Pouvez-vous nous présenter votre concept ?

Nous avons développé un barbershop mobile pour ne plus avoir déplacer un fauteuil de 90 kg et tout le matériel. Nous pouvons ainsi nous déplacer pour proposer nos services partout, dans les hôtels, les mariages, les golfs ou sur les yachts. J’ai été coupée dans mon élan – une envie féroce de voyager – par la crise sanitaire. De retour à Albi, je développe donc mon concept avec l’aide d’un incubateur. Des coiffeurs peuvent nous rejoindre. Pour le moment, nous sommes 3. Mais pourquoi pas développer un réseau de franchise autour de notre concept-store mobile, Cadillac Barber ?

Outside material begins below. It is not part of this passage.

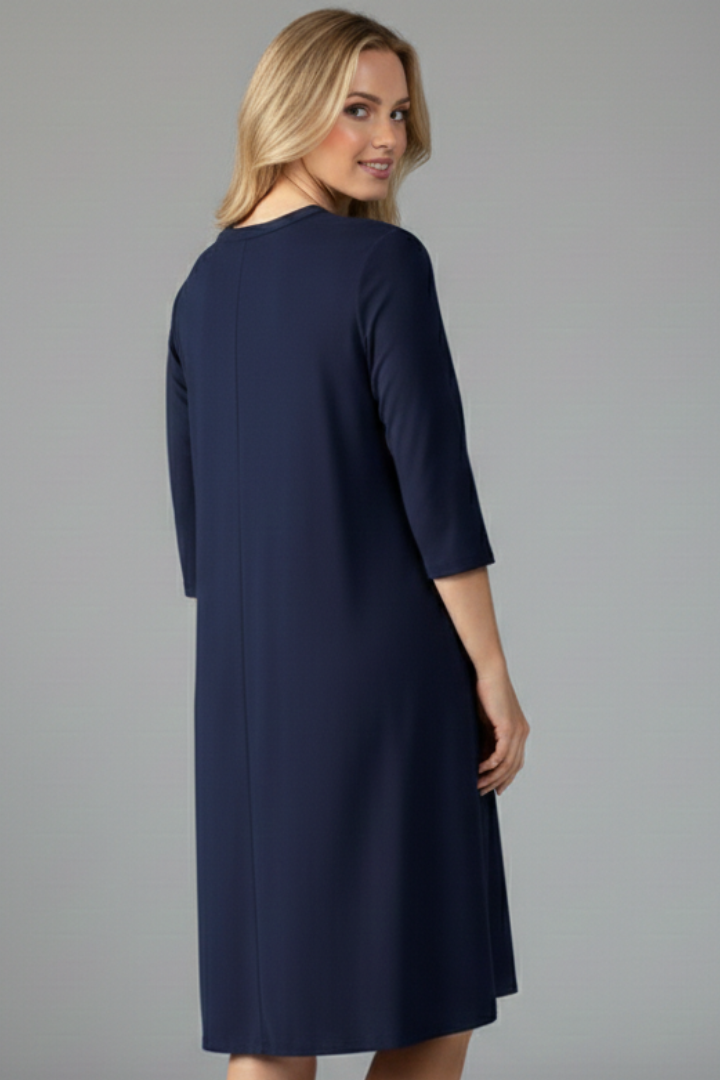 Women’s Dress with V-Neckline and Short Sleeves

Nous avons déjà créé le fauteuil de barbier mobile, facile à transporter. Nous nous concentrons sur la fabrication des équipements. J’aimerais pouvoir transmettre par la suite mon savoir au réseau. Puis repartir à l’aventure. J’ai la bougeotte. Le fauteuil peut être mis dans un avion. Continuer à apprendre, bouger, faire et inventer des choses. Malgré moi, l’innovation m’attire. J’ai besoin de créer. Le fauteuil de barbier transportable peut être un levier de financement pour la franchise qui nous aiderait à propulser ce projet.

Qu’est-ce qui vous plait dans la coiffure homme ?

Je n’ai jamais fait de marche arrière en revenant à la coiffure mixte ! Je ne coiffe plus les femmes. J’ai compris que mon domaine, c’est le barbier. Ce n’est ni la même clientèle, ni le même lieu. J’adore les hommes, ils me font rire. C’est un milieu d’homme, avec une manière d’être plus directe, plus concrète mais aussi plus simple. Quant au travail en salon, ça n’a rien à voir. C’est très dynamique. Les prestations vont vite. On peut voire 10 ou 12 clients par jour. J’aime aussi la précision et la minutie que ce métier impose. Sculpter une barbe ou une coupe… Enfin, c’est un métier que me fait voyager. C’est délirant. Tu te poses un moment avec quelqu’un, tu partages un moment d’intimité. C’est un moment court et dynamique. Mes clients sont mes amis. Bref. C’est un métier qui rassemble beaucoup de choses que j’aime. Je suis à ma place.

Est-ce difficile de s’imposer en tant que femme ?

Pour ma part, pas du tout ! J’ai même travaillé dans un réseau de barber shop turc. Nous étions 120… Et 2 femmes ! Certes, au début, on nous regarde un peu de haut. Mais quand on prouve nos compétences, on est adoptée. Je suis même devenue la chouchou, choyée ! Je ne dis pas que les femmes ne sont pas regardées différemment. Mais je sais couper et je sais parler aux hommes. J’ai une assurance qui évite toute ambiguïté.

Comment envisagez-vous l’avenir ?

La coiffure homme a de beaux jours devant elle. J’avais réalisé un sondage et sur une classe, la moitié voulait prendre la spécialité « barbier ». Il y a 10 ans, on était 3 dans ma classe. Face à la demande grandissante, cela a créé des vocations. L’homme d’aujourd’hui veut prendre soin de lui. Et il se reconnait mieux dans la nouvelle génération de coiffeurs, plus virile. Preuve de ce changement ? Beaucoup d’hommes veulent désormais faire ce métier. Mais aussi des femmes qui, comme moi, ont commencé par la coiffure mixte.